**Instructions for the task**
When you find the line with "Ralph Lauren Button" among the records below, reproduce it and each line after it exactly, ending with the line with "I Love Sony".

**Records shown**
:::
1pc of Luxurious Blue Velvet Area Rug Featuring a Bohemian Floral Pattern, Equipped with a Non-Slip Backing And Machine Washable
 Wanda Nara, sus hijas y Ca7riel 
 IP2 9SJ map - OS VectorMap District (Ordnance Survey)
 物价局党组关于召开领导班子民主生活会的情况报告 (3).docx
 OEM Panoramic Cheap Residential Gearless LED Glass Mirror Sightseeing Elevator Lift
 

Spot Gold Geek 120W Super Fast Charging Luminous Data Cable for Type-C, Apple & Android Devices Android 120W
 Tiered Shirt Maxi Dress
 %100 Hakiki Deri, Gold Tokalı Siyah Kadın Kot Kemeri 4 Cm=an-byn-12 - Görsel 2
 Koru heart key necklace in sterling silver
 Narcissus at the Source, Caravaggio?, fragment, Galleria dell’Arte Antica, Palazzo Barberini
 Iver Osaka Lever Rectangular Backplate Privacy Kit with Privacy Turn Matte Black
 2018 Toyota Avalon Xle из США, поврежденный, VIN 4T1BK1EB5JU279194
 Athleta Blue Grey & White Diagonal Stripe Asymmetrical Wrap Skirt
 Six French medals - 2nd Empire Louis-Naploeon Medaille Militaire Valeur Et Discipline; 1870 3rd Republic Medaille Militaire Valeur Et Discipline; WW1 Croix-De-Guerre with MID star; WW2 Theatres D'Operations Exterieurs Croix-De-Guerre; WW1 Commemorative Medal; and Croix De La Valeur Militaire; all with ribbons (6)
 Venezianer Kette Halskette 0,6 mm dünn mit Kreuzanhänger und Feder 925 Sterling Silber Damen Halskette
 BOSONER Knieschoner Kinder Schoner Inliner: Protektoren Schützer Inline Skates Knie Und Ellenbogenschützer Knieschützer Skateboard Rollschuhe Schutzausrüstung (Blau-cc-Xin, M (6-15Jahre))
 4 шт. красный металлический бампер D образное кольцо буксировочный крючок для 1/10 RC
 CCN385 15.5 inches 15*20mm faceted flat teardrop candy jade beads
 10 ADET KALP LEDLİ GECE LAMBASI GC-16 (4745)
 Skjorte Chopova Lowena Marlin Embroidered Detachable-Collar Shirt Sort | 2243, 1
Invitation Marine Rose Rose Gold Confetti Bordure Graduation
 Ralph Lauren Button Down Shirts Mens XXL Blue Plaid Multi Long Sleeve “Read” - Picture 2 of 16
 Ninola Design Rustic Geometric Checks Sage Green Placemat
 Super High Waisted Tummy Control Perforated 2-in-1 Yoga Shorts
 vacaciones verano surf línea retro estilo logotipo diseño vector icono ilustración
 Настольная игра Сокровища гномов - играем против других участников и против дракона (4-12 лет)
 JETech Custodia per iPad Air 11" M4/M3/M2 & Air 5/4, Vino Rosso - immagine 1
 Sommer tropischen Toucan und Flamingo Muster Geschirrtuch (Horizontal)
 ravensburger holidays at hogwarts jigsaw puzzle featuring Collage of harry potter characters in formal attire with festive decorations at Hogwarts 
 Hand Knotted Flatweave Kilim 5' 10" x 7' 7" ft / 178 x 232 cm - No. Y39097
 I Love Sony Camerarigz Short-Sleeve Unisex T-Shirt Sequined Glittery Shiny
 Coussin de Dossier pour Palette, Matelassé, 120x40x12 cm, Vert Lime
:::
**The answer**
 Ralph Lauren Button Down Shirts Mens XXL Blue Plaid Multi Long Sleeve “Read” - Picture 2 of 16
 Ninola Design Rustic Geometric Checks Sage Green Placemat
 Super High Waisted Tummy Control Perforated 2-in-1 Yoga Shorts
 vacaciones verano surf línea retro estilo logotipo diseño vector icono ilustración
 Настольная игра Сокровища гномов - играем против других участников и против дракона (4-12 лет)
 JETech Custodia per iPad Air 11" M4/M3/M2 & Air 5/4, Vino Rosso - immagine 1
 Sommer tropischen Toucan und Flamingo Muster Geschirrtuch (Horizontal)
 ravensburger holidays at hogwarts jigsaw puzzle featuring Collage of harry potter characters in formal attire with festive decorations at Hogwarts 
 Hand Knotted Flatweave Kilim 5' 10" x 7' 7" ft / 178 x 232 cm - No. Y39097
 I Love Sony Camerarigz Short-Sleeve Unisex T-Shirt Sequined Glittery Shiny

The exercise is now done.